Cons: an added layer of Faff for either activity (what (not) to wear/carry, what to do with my hair); potentially being a bit spaced out after running and therefore more accident-prone.
Pros: more park time, not having to run through urine-soaked underpasses to get there, an extra incentive to make the Gigantic Faff Checklist happen.
Cycle-friendly and run-friendly clothes have reasonable amounts in common, at least when it’s not raining. But to minimise the number of things to change in between the outfits, I went for leggings – as a self-conscious pear shape, not something I normally like to wear in public (I only bought them for Zumba – both tracky bottoms and cargo pants limited my movements and needed frequent readjustment while I was trying to shake my thang).
I also had to leave my Little Rucksack of Everything behind, something I never like to do, though I am used to it when running. I’m not an advanced enough practitioner to carry stuff on my back while I run yet – Fiona Oakes I ain’t. But amongst many other things I carry in my Little Rucksack of Everything are cycling bits I don’t want to leave in my Permanent Pannier like lights and a multi-tool. I decided the short, daylight ride to the park was doable without those things.
When I got there I found my suspicions, based on my mental map of the place, confirmed: there was no “proper” bike parking available. I had a ride around the perimeter of the main bit by the main roads, to no avail, and could see no precedents of anyone having tethered their bikes to railings or trees. As a reasonably new cyclist and a goody-two-shoes, I like to take my cues from clear rules or visible practice, so this made me uneasy. Funnily enough, when a friend recently shared a list of 10 things that put people off cycling, I had dismissed “lack of facilities” as one of those that did not really affect me.
In the end I tucked the bike behind a bench by the lake and tied the two together with my coily lock, resigned to limit my run to this area, which is my favourite.
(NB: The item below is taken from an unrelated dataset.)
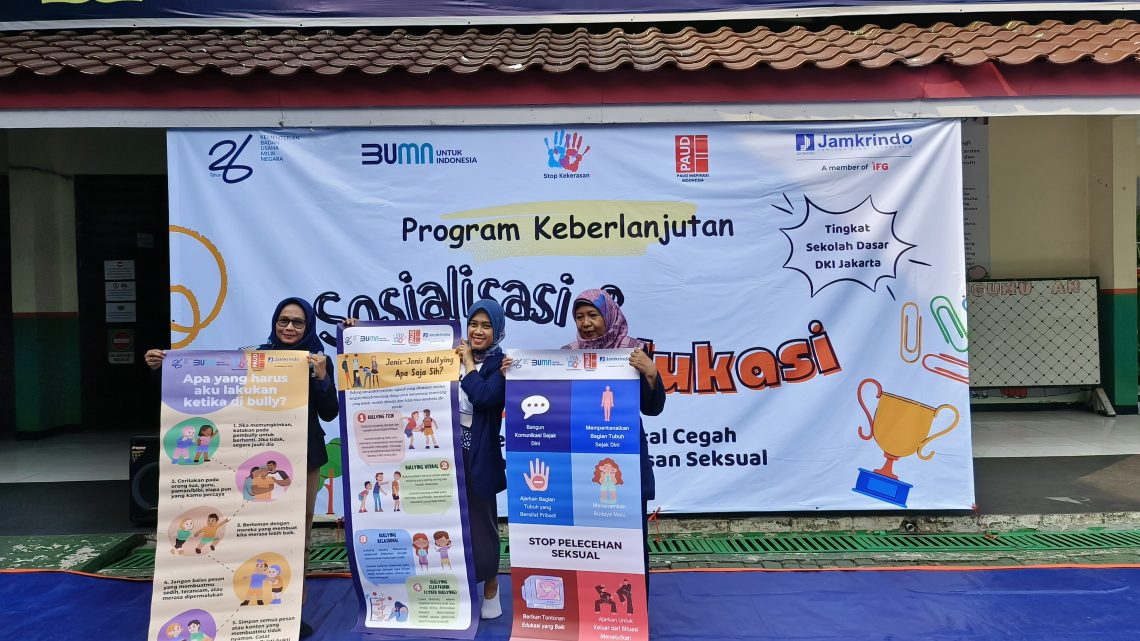 Jamkrindo Lanjutkan Edukasi Anti Perundungan dan Kekerasan Seksual Kepada Ribuan Pelajar SD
One lovely thing that came out of the enforced bike ride was discovering a part of the Park I had never noticed before. I spotted it on my vain search for a Sheffield hoop and went back after my run. I didn’t get any really good pictures and have filed this under “go back with proper camera”, but I did meet Lee*, a man with two teardrops tattooed on his face and a gorgeous staffie that I feared at first was imaginary (he had managed to get out of the gated garden while his human was enjoying a can for his birthday – not clear whose, the human’s or the dog’s). I had hesitated to go in there, not out of fear but out of respect for introverted contemplation and because I understand the deep joy of having gorgeous places all too oneself. I’m glad I did go in, and I’ve also now found out via a quick google that contrary to popular belief, teardrop tattoos do not necessarily denote that the wearer is a murderer.
I actually enjoyed the gentle cycle back, in glorious sunshine, after that strange encounter.